In a wide-ranging report on the film-making plans of toymaker Mattel in the New Yorker, Mattel Films executive Kevin McKeon said of the project: “We’re leaning into the millennial angst of the property rather than fine-tuning this for kids. It’s really a play for adults. Not that it’s R-rated, but it’ll focus on some of the trials and tribulations of being thirtysomething, growing up with Barney – just the level of disenchantment within the generation.”
He added: “It would be so daring of us, and really underscore that we’re here to make art.”
Mattel announced its intention to make a Barney movie with Kaluuya in 2019. At the time, Kaluuya (star of Get Out and Black Panther) said: “Barney was a ubiquitous figure in many of our childhoods, then he disappeared into the shadows, left misunderstood.”
The project is currently listed as being in development, with Beef creator Lee Sung Jin attached as writer. Barney originated as a character in a 1988 self-released video made by Sheryl Leach; the popular early-years TV series premiered on PBS in 1992. A cinema spin-off, Barney’s Great Adventure, was released in 1998. Mattel acquired the licence to make Barney action figures in 2001, through its Fisher Price subsidiary, and purchased the entire Barney brand in 2011 by acquiring Hit Entertainment.
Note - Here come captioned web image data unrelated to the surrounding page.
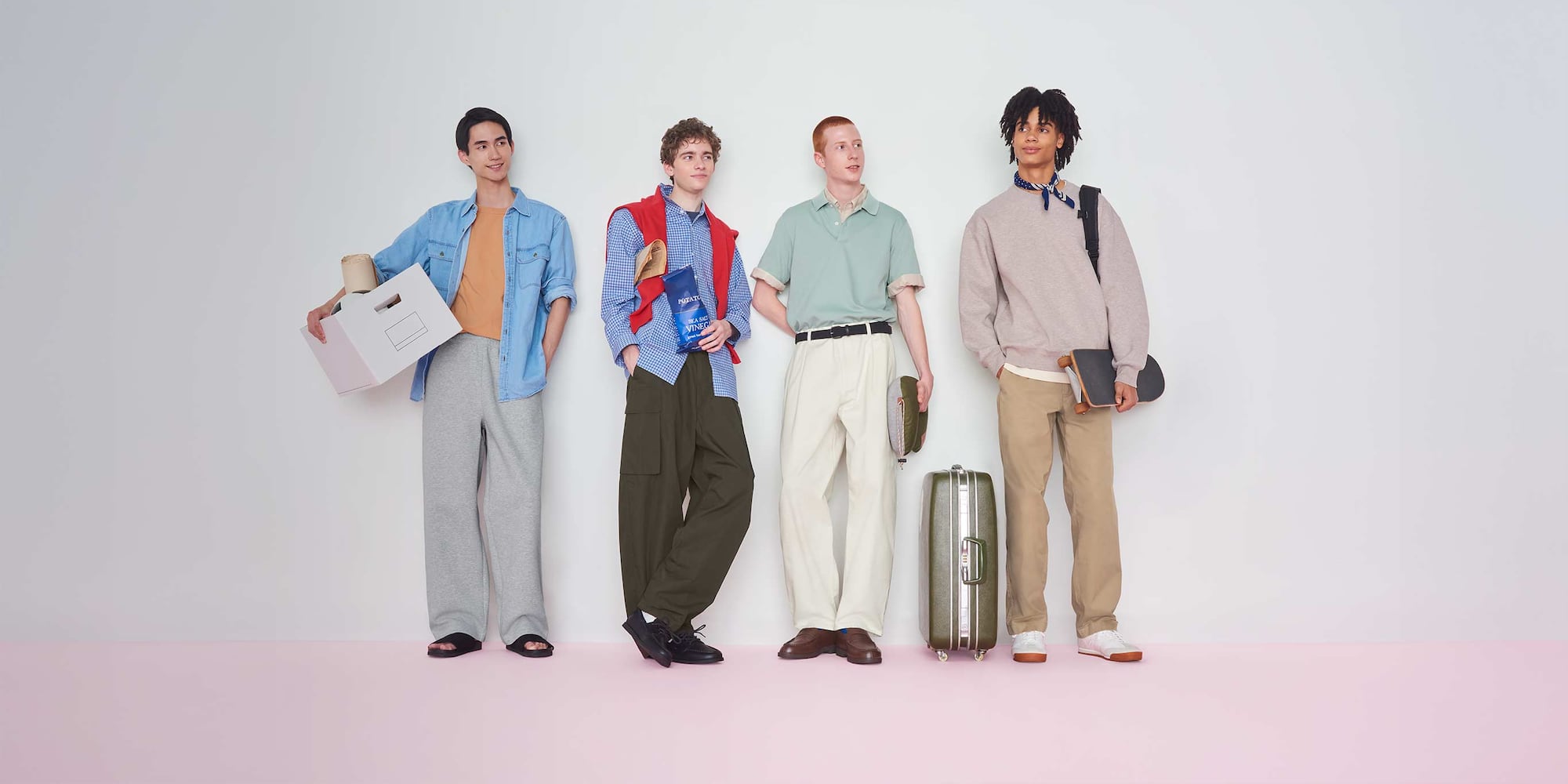 model wearing Barrel Leg Trousers in off white with a blue jumper over a white shirt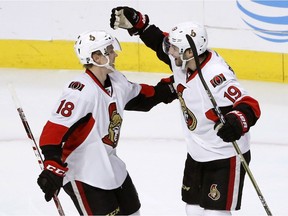 Ottawa Senators' Derick Brassard (19) celebrate his goal with Ryan Dzingel during the second period of an NHL hockey game against the Chicago Blackhawks, Tuesday, Dec. 20, 2016, in Chicago.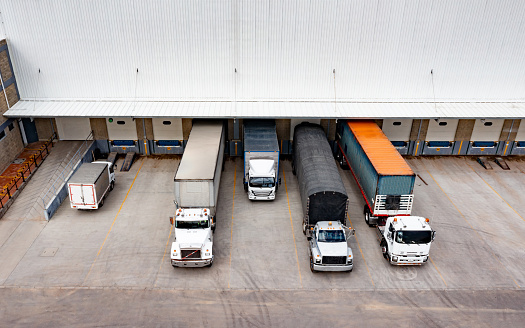 Trucks parked in a distribution warehouse ready to deliver some cargo - freight transportation concepts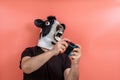 Person disguised as a cow playing a video game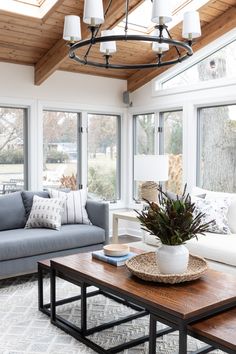 a living room filled with furniture and windows covered in wood planks on the ceiling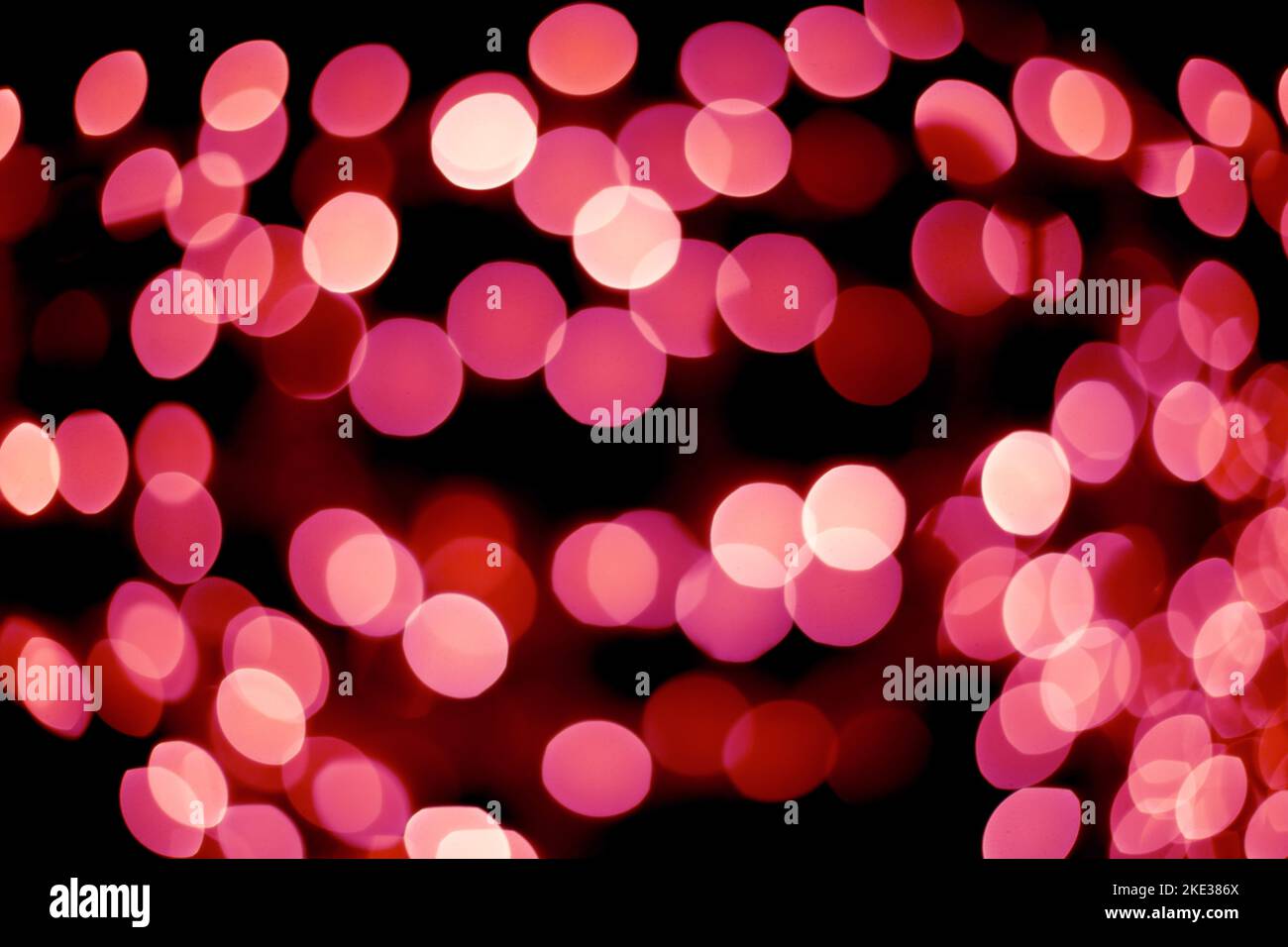 Defocused christmas red abstract bokeh lights background. Festive lights. Blurred holiday bokeh. Stock Photo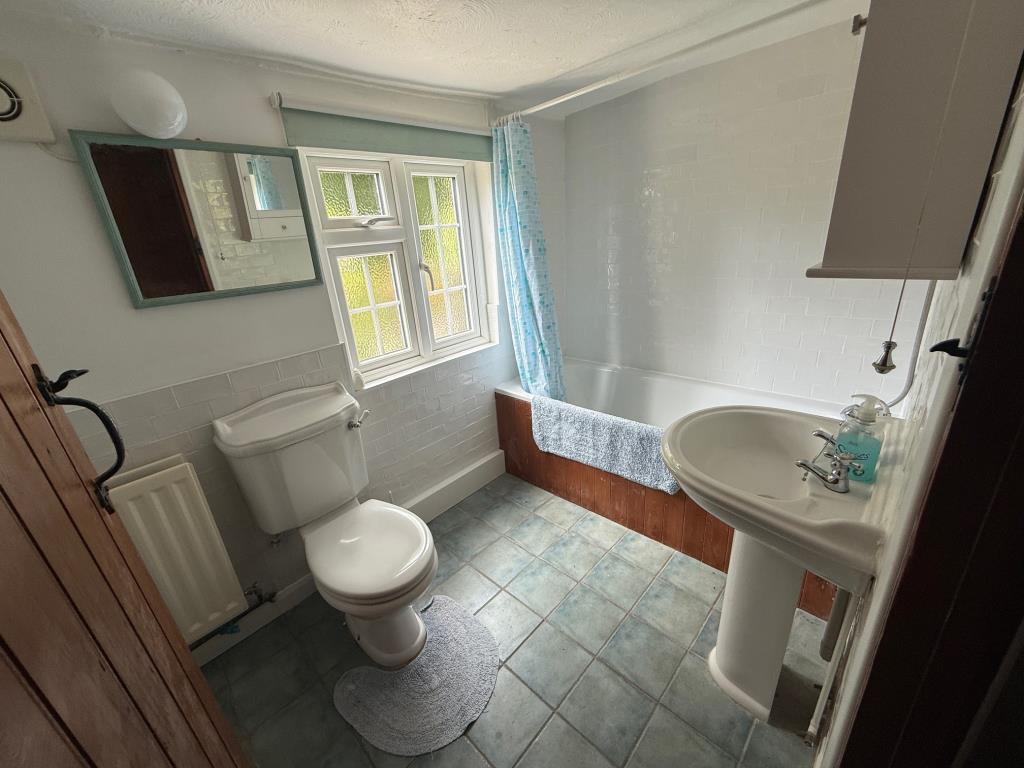 Bath with shower over, w/c and wash hand basin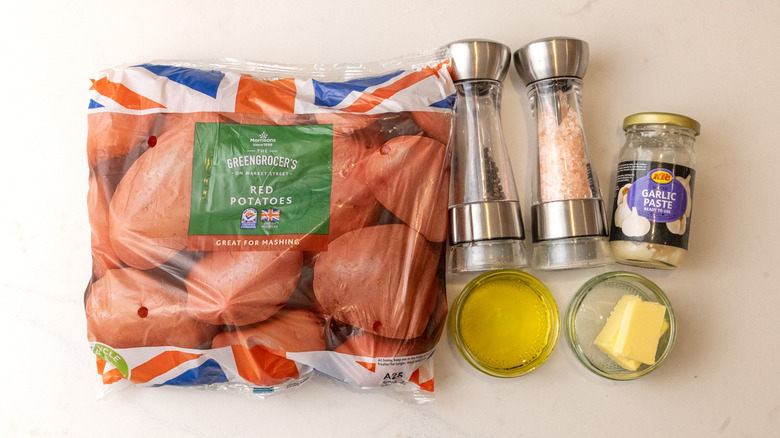 bag of red potatoes, jar of garlic paste, and other air-fried garlic smashed potatoes ingredients laid out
Mattel are also planning a new Barney TV series (scheduled for 2024) alongside wider franchise activity, including clothing and accessories for adult fans.
The New Yorker report also listed a number of other potential film projects that Mattel is developing from its products, including a Magic 8 Ball horror comedy, a JJ Abrams-directed Hot Wheels film, and a Rock ’Em Sock ’Em Robots movie produced by and starring Vin Diesel. Tom Hanks is also understood to be attached to a movie featuring Major Matt Mason, an action figure first produced in the 1960s that was supposedly the inspiration for Toy Story’s Buzz Lightyear.
The report also revealed that Greta Gerwig, director and co-writer of Mattel’s soon-to-be-released Barbie film, is to write and direct “at least two” films based on CS Lewis’s Narnia novels for Netflix. The streaming platform acquired the rights to the series in 2018, and at the time it was reported that the company was “looking to build a Narnia cinematic universe that encompasses film and TV in the vein of Star Trek and Marvel”. Between 2005 and 2010, three film adaptations were released – The Lion, the Witch and the Wardrobe, Prince Caspian and The Voyage of the Dawn Treader – before the producing studio Walden Media’s rights expired in 2011.